Now that the hay I cut is dried down even my novice eye can tell I have a definite shortage of nutrients. This first cutting was a bit of a disappointment as far as yields go, hopefully with a little boost I will be able to get a better second cutting. What is my window for getting the fertilizer on now that I have cut the hay and will hopefully have it off the field this weekend?


----------



## Vol (Jul 5, 2009)

jwise87 said:


> Now that the hay I cut is dried down even my novice eye can tell I have a definite shortage of nutrients. This first cutting was a bit of a disappointment as far as yields go, hopefully with a little boost I will be able to get a better second cutting. What is my window for getting the fertilizer on now that I have cut the hay and will hopefully have it off the field this weekend?

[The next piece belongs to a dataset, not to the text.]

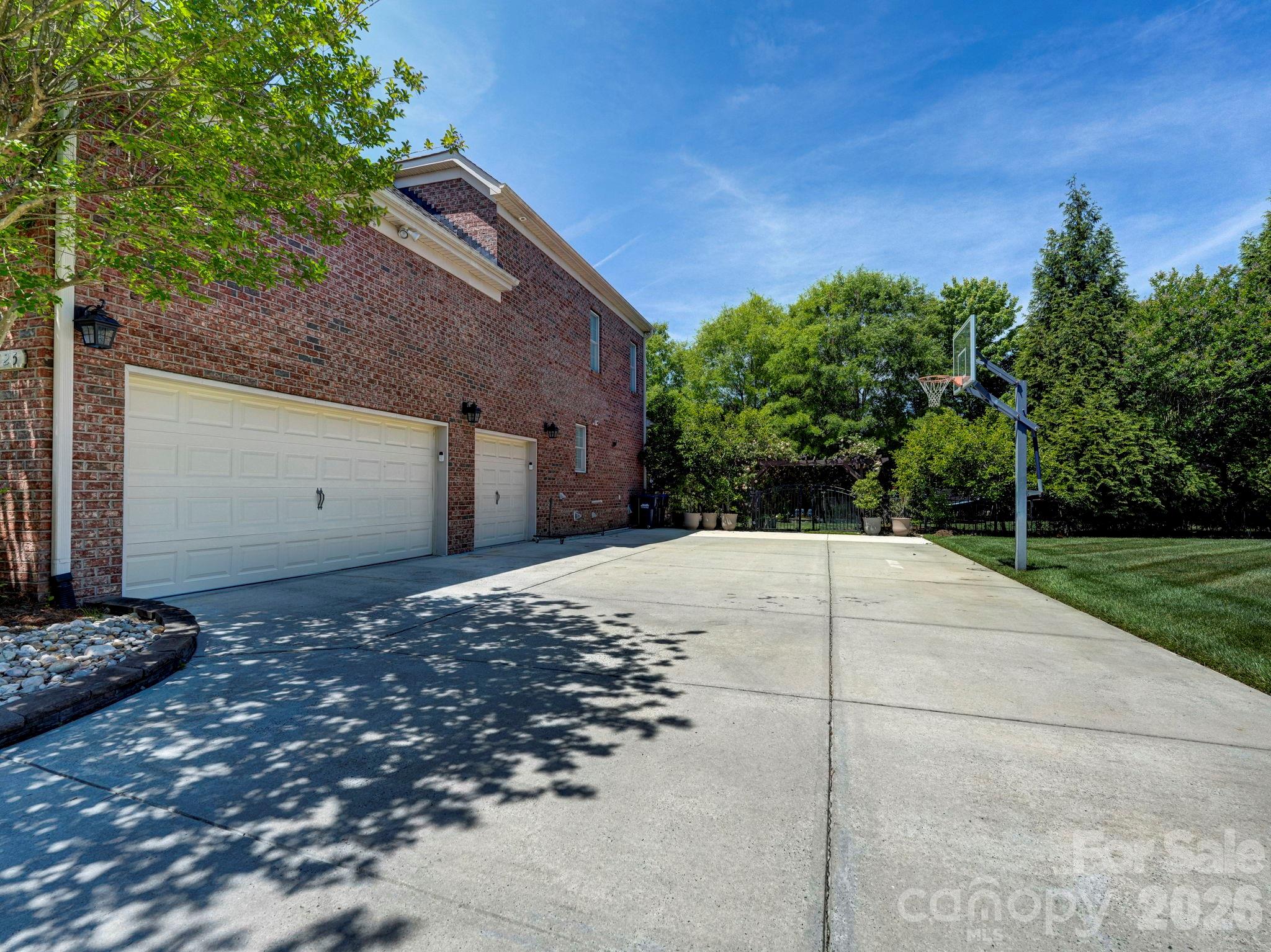 725 Wild Berry Court Property Photo 3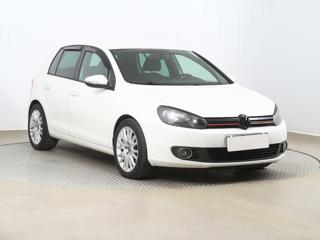 Volkswagen Golf 1.6 TDI 77kW hatchback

Do a soil test....see how long it will take for results.....if you are in a rush to get nutrients down, spread something generic like Triple 19 or 15.

Regards, Mike


----------



## jwise87 (Sep 16, 2015)

We have the soil tests from last year before we spread it. I was hoping with that and the numbers of how much crop I removed they could work something up.


----------



## Vol (Jul 5, 2009)

jwise87 said:


> We have the soil tests from last year before we spread it. I was hoping with that and the numbers of how much crop I removed they could work something up.


Soil test people can make recommendations on what nutrients you should add.....they do here. Might take a couple of years to get you up to "snuff".....where was your PH at on your soil test?

Regards, Mike


----------



## rjmoses (Apr 4, 2010)

Several things could being going on:

But my first guess, based on the spots on some leaves and the tips of others turning brown, is that you have a fungus. This could be do to excessive wetness and/or nutrient deficiency.

Nutrient deficiency can cause your OG to be susceptible to fungi.

You said the ground was poor, so remember that it takes several years to rebuild P and K and that you not only have to add back what you take off, but you have to add more to build it back up.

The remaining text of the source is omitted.